The term transmutation dates back to alchemy. Alchemists pursued the philosopher's stone, capable of chrysopoeia – the transformation of base metals into gold. While alchemists often understood chrysopoeia as a metaphor for a mystical, or religious process, some practitioners adopted a literal interpretation, and tried to make gold through physical experiment. The impossibility of the metallic transmutation had been debated amongst alchemists, philosophers and scientists since the Middle Ages. Pseudo-alchemical transmutation was outlawed and publicly mocked beginning in the fourteenth century. Alchemists like Michael Maier and Heinrich Khunrath wrote tracts exposing fraudulent claims of gold making. By the 1720s, there were no longer any respectable figures pursuing the physical transmutation of substances into gold. Antoine Lavoisier, in the 18th century, replaced the alchemical theory of elements with the modern theory of chemical elements, and John Dalton further developed the notion of atoms (from the alchemical theory of corpuscles) to explain various chemical processes. The disintegration of atoms is a distinct process involving much greater energies than could be achieved by alchemists.

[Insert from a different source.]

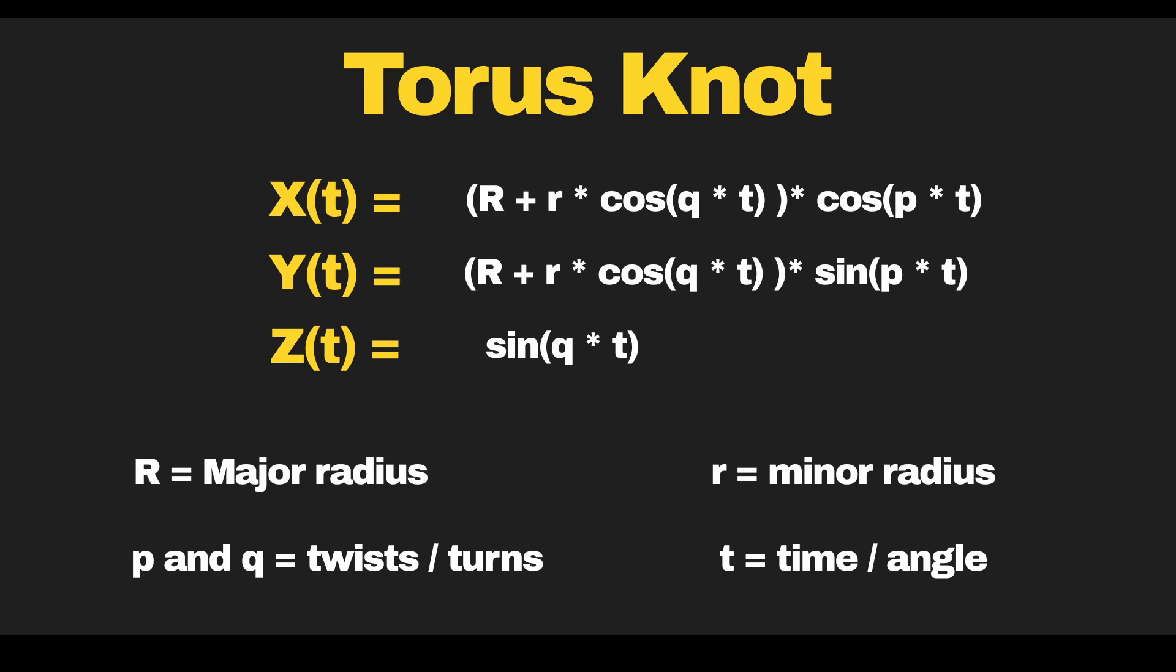For yt, it's the same thing, except in the end, we put sine instead of cosine. For z of t, it's only sine q times t. Let's apply these values and see what we get.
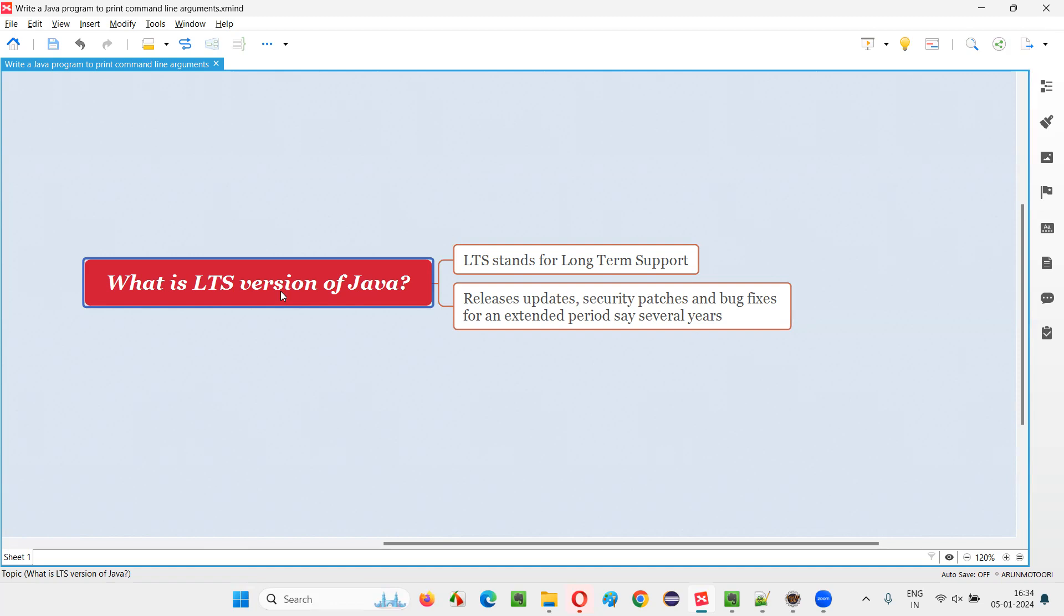Today, if you install that particular latest LTS version of Java for next 10 years, without any problem, you can use it. You don't have to go to another version of Java. So, hope you got an idea what exactly is an LTS version of Java. That's all for this session. Thank you. Bye-bye.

It was first consciously applied to modern physics by Frederick Soddy when he, along with Ernest Rutherford, discovered that radioactive thorium was converting itself into radium in 1901. At the moment of realization, Soddy later recalled, he shouted out: "Rutherford, this is transmutation!" Rutherford snapped back, "For Christ's sake, Soddy, don't call it transmutation. They'll have our heads off as alchemists."

Rutherford and Soddy were observing natural transmutation as a part of radioactive decay of the alpha decay type. However in 1919, Rutherford was able to accomplish transmutation of nitrogen into oxygen, using alpha particles directed at nitrogen 14N + α → 17O + p. This was the first observation of a nuclear reaction, that is, a reaction in which particles from one decay are used to transform another atomic nucleus. Eventually, in 1932, a fully artificial nuclear reaction and nuclear transmutation was achieved by Rutherford's colleagues John Cockcroft and Ernest Walton, who used artificially accelerated protons against lithium-7 to split the nucleus into two alpha particles. The feat was popularly known as "splitting the atom," although it was not the modern nuclear fission reaction discovered 1938 by Otto Hahn and his assistant Fritz Strassmann in heavy elements.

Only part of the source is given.